Hah! Funny you should ask. I wasn’t reading romances in 1999 but when I started about five years later, Feehan was an author I checked into. Like Lieselotte, the first book in the series seemed like an ok enough read to try the sequels, but I quickly tired of them. I enjoyed the first book in the series enough to keep it, until just a few weeks ago when I reread it. Today, it reads like pages and pages of she’s in denial about being his bond mate. I didn’t finish the reread.
It’s funny how certain books just don’t hold up. I’ve been a long time fan of Jayne Ann Krentz and I started reading one of her really old ones I had never read before the other day. I think it may have been published under Stephanie James it’s so old. Oh my goodness. The “hero” was terrifying! The heroine actually ran out of her own place (well her mother’s place) to get away from him. Their first night together read more like a stalking and an assault even though he did finally get her to admit partway into it she “wanted “him too. I couldn’t finish it, and I’m not that easily upset by alpha or “un P.C.” behavior. If I had read that even back in the 80’s I would have hated it. I think the biggest problem was that it wasn’t even about some big supernatural warrior type creature. It was a contemporary and the guy was a neighbor of her parents. It was like “this is a perfectly normal way for a date to evolve”.
I’ve read them from the start, and I agree that many of the Carpathian books were very caveman. But (and ymmv) I think she’s done a much better job of having the heroines be stronger and the heroes be more “enlightened”? considerate? in the last several books. This hasn’t been the case in at least one of her other series (I don’t read all of them). But I’ve liked the Carpathians more as the world has expanded in the past few years.
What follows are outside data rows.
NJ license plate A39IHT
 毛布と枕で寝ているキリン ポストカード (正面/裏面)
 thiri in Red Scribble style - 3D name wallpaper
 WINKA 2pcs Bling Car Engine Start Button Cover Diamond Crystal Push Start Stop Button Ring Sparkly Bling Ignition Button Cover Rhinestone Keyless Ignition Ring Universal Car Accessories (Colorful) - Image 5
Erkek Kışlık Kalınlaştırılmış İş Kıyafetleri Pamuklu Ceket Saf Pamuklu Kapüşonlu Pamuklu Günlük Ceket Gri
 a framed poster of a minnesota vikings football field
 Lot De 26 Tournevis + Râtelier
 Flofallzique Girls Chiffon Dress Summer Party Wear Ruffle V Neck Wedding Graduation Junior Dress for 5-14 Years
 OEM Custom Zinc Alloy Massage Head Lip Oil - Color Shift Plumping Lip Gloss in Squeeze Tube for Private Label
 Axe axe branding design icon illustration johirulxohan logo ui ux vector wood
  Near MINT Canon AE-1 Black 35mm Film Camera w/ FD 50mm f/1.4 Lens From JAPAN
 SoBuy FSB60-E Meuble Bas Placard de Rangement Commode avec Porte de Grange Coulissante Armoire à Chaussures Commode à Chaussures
I recall reading many of these but the Robin Shone is the one I remember most! And the Judith Ivory. I wonder if they would stand up to the time test if I read them again? Afraid there are too many things in the current TBR pile to do it but maybe the Shone one day. BTW, I do enjoy reading these old columns from the past so thanks, everyone at AAR, for presenting them from time to time.
Ooops! Schone. Sorry.
They’re fun, aren’t they? I think the Way Back on Wednesday will become a regular weekly feature (except for TBR week) just like The ask@AAR now is.
The Lady’s Tutor doesn’t age well – a lot of the eeeeeeevil gay trope.
Judith Ivory definitely holds up for me. Her novels, especially some of the first ones like Bliss and Dance, were a breath of fresh air.